(Data records)
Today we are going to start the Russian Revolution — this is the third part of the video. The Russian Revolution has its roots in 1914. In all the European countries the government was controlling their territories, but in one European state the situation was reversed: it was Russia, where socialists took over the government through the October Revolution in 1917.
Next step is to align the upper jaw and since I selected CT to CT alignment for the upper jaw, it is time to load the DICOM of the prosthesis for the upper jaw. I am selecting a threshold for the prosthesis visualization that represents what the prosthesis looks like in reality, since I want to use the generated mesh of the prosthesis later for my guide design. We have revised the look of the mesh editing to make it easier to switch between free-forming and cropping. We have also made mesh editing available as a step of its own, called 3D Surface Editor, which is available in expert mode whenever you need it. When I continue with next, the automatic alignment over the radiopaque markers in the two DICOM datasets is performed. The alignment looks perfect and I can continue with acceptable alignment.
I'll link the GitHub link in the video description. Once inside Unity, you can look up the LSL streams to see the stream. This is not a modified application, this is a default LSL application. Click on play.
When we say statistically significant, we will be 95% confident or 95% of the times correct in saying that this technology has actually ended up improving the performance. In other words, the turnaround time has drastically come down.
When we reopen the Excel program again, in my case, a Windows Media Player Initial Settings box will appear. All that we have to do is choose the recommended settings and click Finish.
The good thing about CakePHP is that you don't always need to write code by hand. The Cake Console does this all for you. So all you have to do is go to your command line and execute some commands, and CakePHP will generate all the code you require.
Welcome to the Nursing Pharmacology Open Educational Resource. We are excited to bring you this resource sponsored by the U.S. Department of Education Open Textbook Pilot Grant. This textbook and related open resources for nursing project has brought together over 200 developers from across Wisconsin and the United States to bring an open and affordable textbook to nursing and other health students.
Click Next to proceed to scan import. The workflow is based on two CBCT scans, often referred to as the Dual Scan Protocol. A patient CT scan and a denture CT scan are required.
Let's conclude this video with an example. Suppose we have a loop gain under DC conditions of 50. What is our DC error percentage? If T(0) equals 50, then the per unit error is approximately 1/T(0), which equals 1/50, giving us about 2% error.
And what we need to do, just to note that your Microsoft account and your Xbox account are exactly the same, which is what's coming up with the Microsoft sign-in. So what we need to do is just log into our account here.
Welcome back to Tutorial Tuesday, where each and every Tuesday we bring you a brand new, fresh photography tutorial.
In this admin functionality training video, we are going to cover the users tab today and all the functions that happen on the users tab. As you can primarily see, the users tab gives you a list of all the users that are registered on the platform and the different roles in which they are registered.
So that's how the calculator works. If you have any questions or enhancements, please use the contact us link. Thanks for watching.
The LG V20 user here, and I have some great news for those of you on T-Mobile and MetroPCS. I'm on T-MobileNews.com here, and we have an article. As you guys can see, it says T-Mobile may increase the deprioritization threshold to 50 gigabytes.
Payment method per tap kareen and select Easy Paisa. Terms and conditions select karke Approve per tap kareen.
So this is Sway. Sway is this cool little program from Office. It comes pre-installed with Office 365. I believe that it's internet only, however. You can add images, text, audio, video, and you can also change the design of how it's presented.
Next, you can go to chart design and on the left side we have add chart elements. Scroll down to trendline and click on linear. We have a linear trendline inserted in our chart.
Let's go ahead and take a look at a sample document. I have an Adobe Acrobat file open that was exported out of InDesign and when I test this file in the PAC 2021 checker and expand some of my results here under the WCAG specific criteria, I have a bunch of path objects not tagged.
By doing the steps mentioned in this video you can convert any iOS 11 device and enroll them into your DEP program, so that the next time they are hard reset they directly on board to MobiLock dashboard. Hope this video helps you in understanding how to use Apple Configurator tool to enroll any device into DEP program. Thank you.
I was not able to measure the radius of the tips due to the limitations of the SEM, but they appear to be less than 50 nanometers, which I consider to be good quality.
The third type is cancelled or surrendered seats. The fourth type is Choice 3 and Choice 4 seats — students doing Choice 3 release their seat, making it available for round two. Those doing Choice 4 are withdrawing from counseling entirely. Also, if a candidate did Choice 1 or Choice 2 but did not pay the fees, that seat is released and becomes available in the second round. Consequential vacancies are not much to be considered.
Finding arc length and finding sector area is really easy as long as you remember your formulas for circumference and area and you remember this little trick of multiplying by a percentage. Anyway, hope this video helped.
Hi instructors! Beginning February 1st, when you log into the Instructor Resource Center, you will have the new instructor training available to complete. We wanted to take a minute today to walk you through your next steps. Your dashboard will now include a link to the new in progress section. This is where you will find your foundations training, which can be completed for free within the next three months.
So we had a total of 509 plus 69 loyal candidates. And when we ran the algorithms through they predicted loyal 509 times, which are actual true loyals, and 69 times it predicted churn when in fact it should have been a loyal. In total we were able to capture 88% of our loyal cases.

§ To do
Return, with no change at all, every line in the entries above from the line containing "I'll link the" through the line containing "Welcome to the".

§ Exercise answer
I'll link the GitHub link in the video description. Once inside Unity, you can look up the LSL streams to see the stream. This is not a modified application, this is a default LSL application. Click on play.
When we say statistically significant, we will be 95% confident or 95% of the times correct in saying that this technology has actually ended up improving the performance. In other words, the turnaround time has drastically come down.
When we reopen the Excel program again, in my case, a Windows Media Player Initial Settings box will appear. All that we have to do is choose the recommended settings and click Finish.
The good thing about CakePHP is that you don't always need to write code by hand. The Cake Console does this all for you. So all you have to do is go to your command line and execute some commands, and CakePHP will generate all the code you require.
Welcome to the Nursing Pharmacology Open Educational Resource. We are excited to bring you this resource sponsored by the U.S. Department of Education Open Textbook Pilot Grant. This textbook and related open resources for nursing project has brought together over 200 developers from across Wisconsin and the United States to bring an open and affordable textbook to nursing and other health students.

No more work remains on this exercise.